Children comprised 19% (544) of trauma cases. About 54% suffered road traffic injuries (RTIs), which mostly affected the limbs and pelvis (37.3%). Half the RTI victims were pedestrians. Transportation to CHY was primarily by taxi or bus (69.4%) and a preponderance (71.1%) of the severely and profoundly injured patients used this method of transport. Major or minor surgical intervention was necessary for 17.9% and 20.8% of patients, respectively. Patients with an estimated injury severity score ≥ 9 (33.2%) were more likely to need surgery (p < 0.01). The median ED cost of pediatric trauma care was USD12.71 [IQR 12.71, 23.30].

CONCLUSIONS

Injury is an important child health problem that requires adequate attention and funding.

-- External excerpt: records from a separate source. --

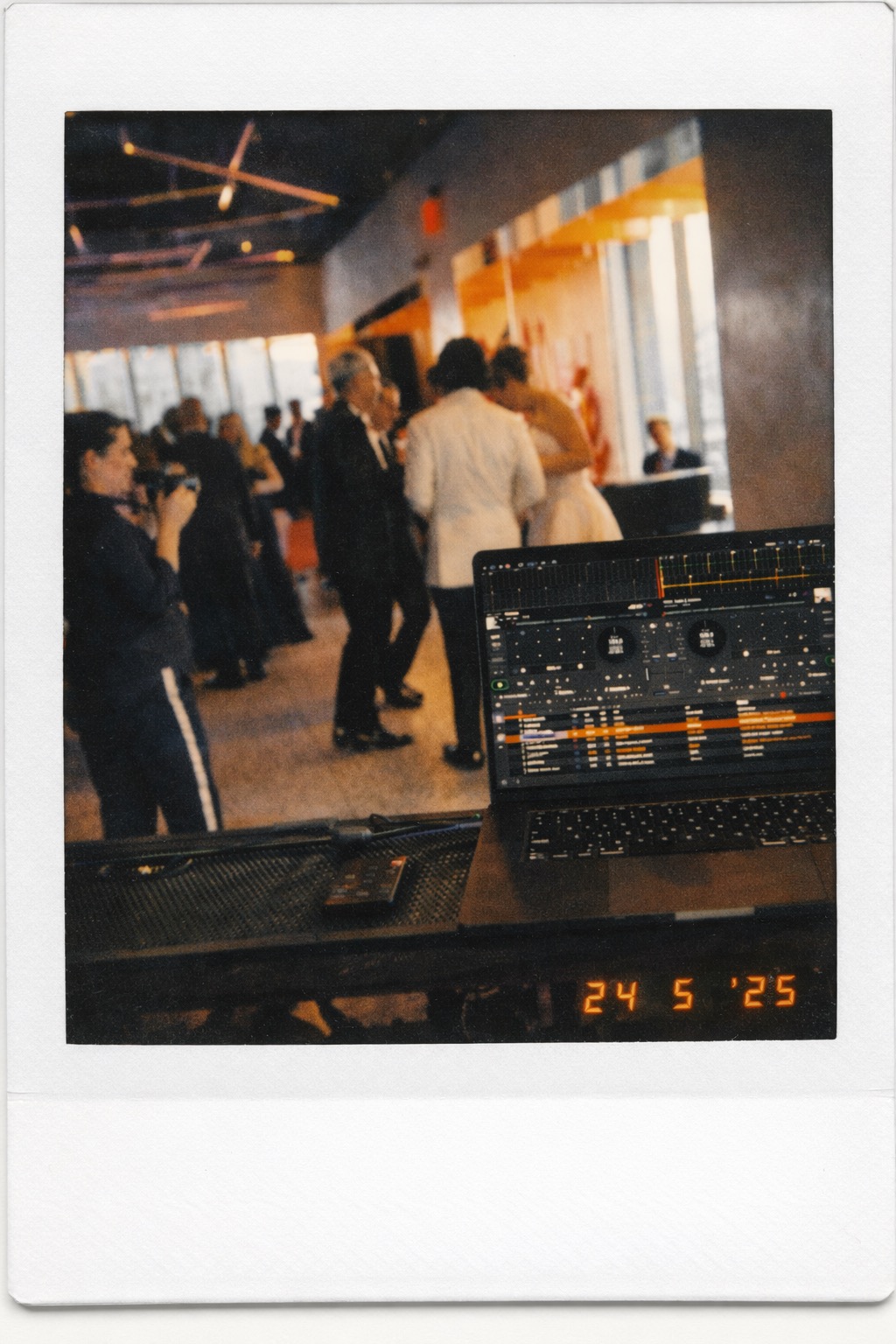 Polaroid photo of a dance floor from behind the DJ booth with a laptop and guests in motion.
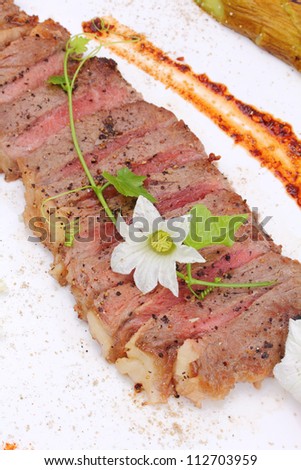 Beefsteak decorate with edible flowers, (Thai food Style) Macro closeup for design work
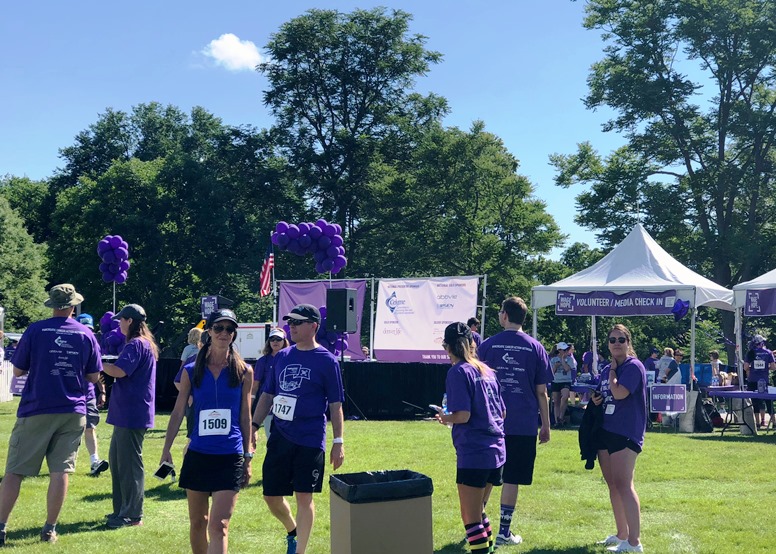 a pancreatic cancer event full of purple t shirts and booths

Policies, surgical capacity building, and health systems strengthening efforts are necessary to address the high burden of pediatric injuries in Cameroon. Pediatric injury prevention efforts in Cameroon should target pedestrian RTIs, falls, and burns and consider school-based interventions.

摘要

目的

意外伤害是 10-19 岁儿童死亡的主要原因,超过 95%的伤害死亡发生在中低收入国家(LMICs)。由于儿科人群的伤害模式可能与成年人不同,因此需要确定 LMIC 中儿童特有的风险,以进行有效的伤害预防和治疗。本研究旨在探讨喀麦隆雅温得儿科伤害的流行病学和成本情况,以为伤害预防和资源配置提供信息。

方法

2009 年 4 月至 10 月,在雅温得中央医院(CHY)急诊科收集儿科(年龄<20 岁)创伤患者数据。使用单变量、双变量和多变量分析来探讨伤害模式以及变量之间的关系。进行回归分析以确定接受手术治疗的预测因素。

结果

儿童占创伤病例的 19%(544 例)。约 54%的儿童遭受道路交通伤害(RTIs),主要影响四肢和骨盆(37.3%)。一半的 RTI 受害者是行人。到 CHY 的交通主要是出租车或公共汽车(69.4%),严重和深度受伤患者中有 71.1%使用这种交通方式。分别有 17.9%和 20.8%的患者需要进行主要或次要手术干预。损伤严重度评分估计≥9(33.2%)的患者更有可能需要手术(p<0.01)。儿科创伤护理的 ED 平均费用为 12.71 美元[IQR 12.71,23.30]。

结论

伤害是一个重要的儿童健康问题,需要给予足够的关注和资金。需要制定政策、进行外科能力建设和加强卫生系统,以解决喀麦隆儿童伤害负担过重的问题。喀麦隆的儿科伤害预防工作应针对行人 RTI、跌倒和烧伤,并考虑开展学校干预措施。